Dominujące w ubiegłym tygodniu obawy przed amerykańską polityką, jakie koncentrowały się na kontrowersyjnych decyzjach i działaniach prezydenta Trumpa, co wywołało medialną dyskusję o możliwości podjęcia próby usunięcia go z urzędu, ucichły. Prezydent rozpoczął cykl podróży zagranicznych, które zakończy szczyt NATO i G7. To na pewien czas zamknie temat. Ewentualnie zastąpią go inne. Mniej kontrowersyjne.
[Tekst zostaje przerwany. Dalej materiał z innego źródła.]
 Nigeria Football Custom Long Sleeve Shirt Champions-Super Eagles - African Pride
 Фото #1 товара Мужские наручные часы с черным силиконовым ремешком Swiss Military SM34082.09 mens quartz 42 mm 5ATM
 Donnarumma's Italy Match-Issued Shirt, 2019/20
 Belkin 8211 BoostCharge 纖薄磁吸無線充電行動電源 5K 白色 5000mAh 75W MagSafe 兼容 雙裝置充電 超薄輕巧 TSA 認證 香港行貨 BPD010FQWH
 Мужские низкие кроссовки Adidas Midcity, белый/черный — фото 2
Trudno bowiem znaleźć coś mocniej rozpalającego emocje niż potencjalny impeachment, co oznaczałoby nie tylko niepewność i zamieszanie polityczne w największej gospodarce świata, ale przede wszystkim niezrealizowanie obietnic wyborczych, czyli uderzałoby w podstawy giełdowego rajdu na świecie po listopadowych wyborach.
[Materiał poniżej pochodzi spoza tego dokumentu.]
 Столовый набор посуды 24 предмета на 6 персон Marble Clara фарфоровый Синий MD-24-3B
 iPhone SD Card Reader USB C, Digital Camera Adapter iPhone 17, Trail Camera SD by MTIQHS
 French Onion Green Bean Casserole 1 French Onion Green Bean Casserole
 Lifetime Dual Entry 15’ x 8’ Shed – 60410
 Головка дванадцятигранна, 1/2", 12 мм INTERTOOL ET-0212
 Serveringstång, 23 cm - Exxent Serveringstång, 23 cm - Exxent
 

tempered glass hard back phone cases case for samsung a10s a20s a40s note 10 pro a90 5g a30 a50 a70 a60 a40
Zeszłotygodniowe tąpnięcie na giełdach wywołane zawirowaniami wokół Trumpa, jakkolwiek odcisnęło mocne piętno w notowaniach, to istotnie nie zmieniło układu sił na rynkach. Co więcej, jeszcze nie potwierdziło złej renomy maja na giełdach (sell in may and go away). Indeks S&P500 jest na poziomach zbliżonych do zamknięcia kwietnia, Nasdaq rośnie, dodatnie stopy wzrostu notują też niemiecki DAX, francuski CAC40 i japoński NIKKEI. Znacznie gorzej prezentują się WIG20 i WIG, które po świetnej drugiej połowie kwietnia w maju spadają.
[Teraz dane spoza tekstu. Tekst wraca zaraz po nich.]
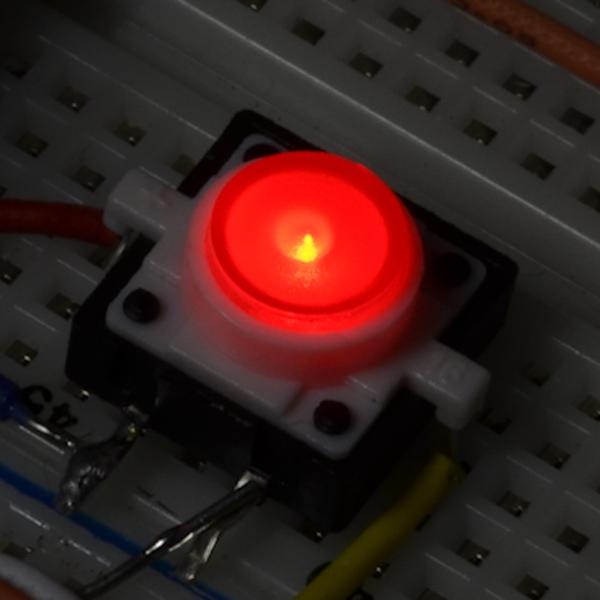 LED Tactile Button - Red - COM-10442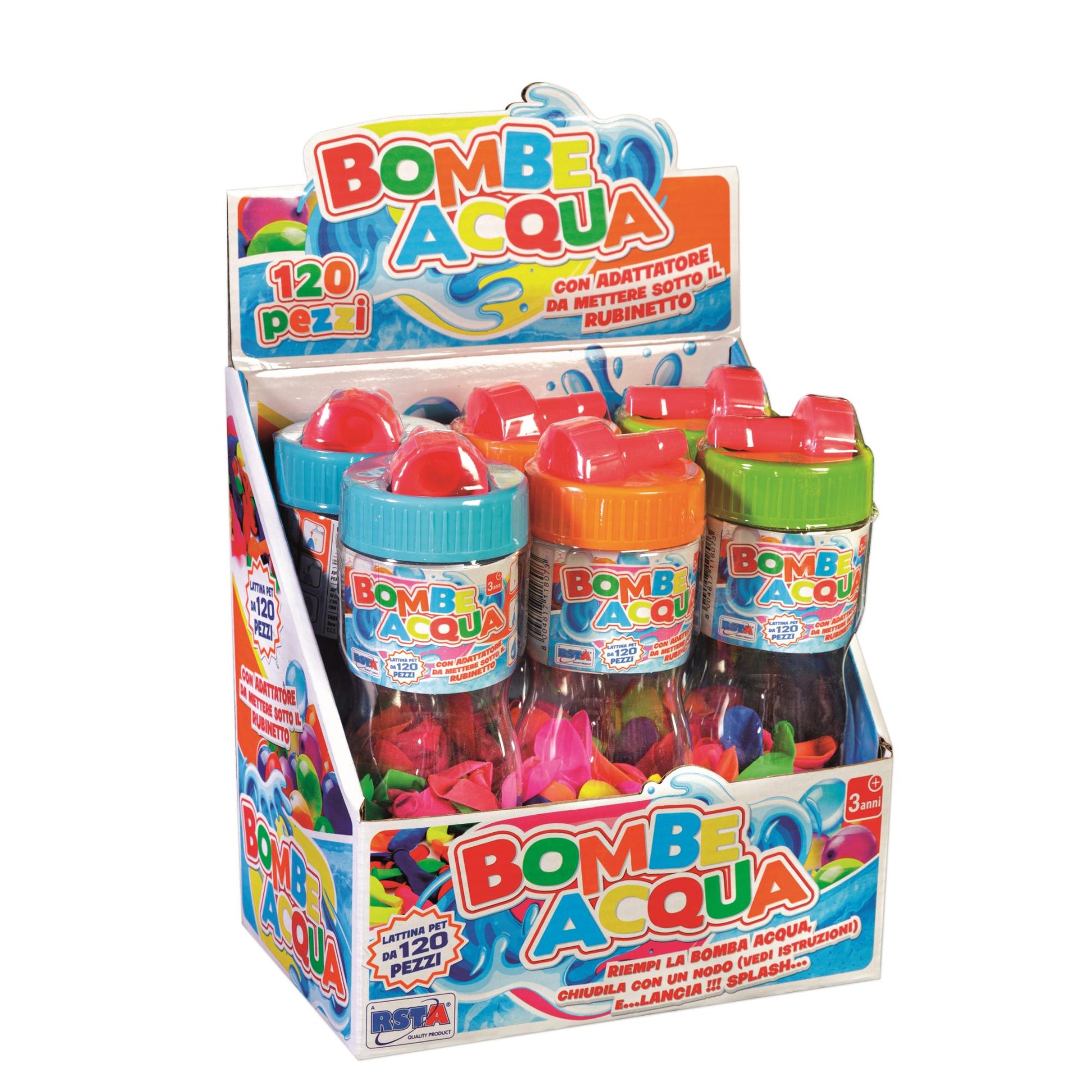 CAN 120 PCS WATER BOMBS IN DISPLAY 6 PCS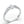 White Gold Vintage Curved Pear Motif Band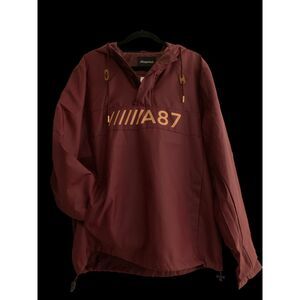 Aeropostale Hooded Windbreaker Men's size Large Front Pocket Drawstring Hood NEW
Najbliższe perspektywy warszawskiej giełdy, zwłaszcza te oglądane przez pryzmat WIG20, nie są najlepsze. Po 40-procentowym rajdzie zapoczątkowanym w listopadzie 2016 roku giełdowe byki poległy na poziomie 2400 pkt. Zaskakujące było to, że ta porażka miała miejsce tuż po tym, jak w kwietniu WIG20 wyrwał się górą z konsolidacji, co teoretycznie otwierało mu drzwi do 2500 pkt. Jednak zamiast ataku na 2500 pkt był zwrot z 2400 pkt i powrót poniżej 2300 pkt. Jeżeli dołożymy do tego ładną pięciofalową strukturę zapoczątkowanego pół roku wcześniej impulsu wzrostowego, a także brak nowego paliwa do zwyżek, przy jednocześnie utrzymujących się ryzykach dla hossy, to stanie się jasne, że rozpoczęty w połowie czwartkowych notowań wzrost jest tylko wzrostową korektą. Po jej zakończeniu spadki wrócą, a WIG20 wróci poniżej 2200 pkt. To prawdopodobnie tam się rozstrzygnie co dalej. Czy wygaśnie tam impuls korekcyjny? Czy może jednak będzie to dopiero początek zniżki, która swój finał znajdzie tradycyjnie na jesieni? Każdy z tych dwóch scenariuszy jest równie prawdopodobny.